- AIM OF THE EXERCISE: Only one stretch of the data below is wanted: the lines from the one with "Now I'm just" through the one with "Looking at this", repeated exactly.

- LISTED ENTRIES:
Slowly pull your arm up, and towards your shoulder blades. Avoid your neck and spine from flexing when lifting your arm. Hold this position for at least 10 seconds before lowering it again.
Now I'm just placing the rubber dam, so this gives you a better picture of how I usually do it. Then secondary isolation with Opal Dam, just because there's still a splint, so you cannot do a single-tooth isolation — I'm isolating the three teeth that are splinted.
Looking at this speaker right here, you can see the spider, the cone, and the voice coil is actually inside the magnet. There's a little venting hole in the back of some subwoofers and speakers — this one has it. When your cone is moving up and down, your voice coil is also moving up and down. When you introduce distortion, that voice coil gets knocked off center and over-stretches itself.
==
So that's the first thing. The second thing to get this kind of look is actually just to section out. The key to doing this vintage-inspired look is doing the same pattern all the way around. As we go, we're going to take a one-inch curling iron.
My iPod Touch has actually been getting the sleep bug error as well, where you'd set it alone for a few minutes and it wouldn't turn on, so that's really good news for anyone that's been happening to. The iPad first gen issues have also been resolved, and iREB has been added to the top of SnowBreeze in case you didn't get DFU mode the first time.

- SOLUTION TO THIS PROBLEM:
Now I'm just placing the rubber dam, so this gives you a better picture of how I usually do it. Then secondary isolation with Opal Dam, just because there's still a splint, so you cannot do a single-tooth isolation — I'm isolating the three teeth that are splinted.
Looking at this speaker right here, you can see the spider, the cone, and the voice coil is actually inside the magnet. There's a little venting hole in the back of some subwoofers and speakers — this one has it. When your cone is moving up and down, your voice coil is also moving up and down. When you introduce distortion, that voice coil gets knocked off center and over-stretches itself.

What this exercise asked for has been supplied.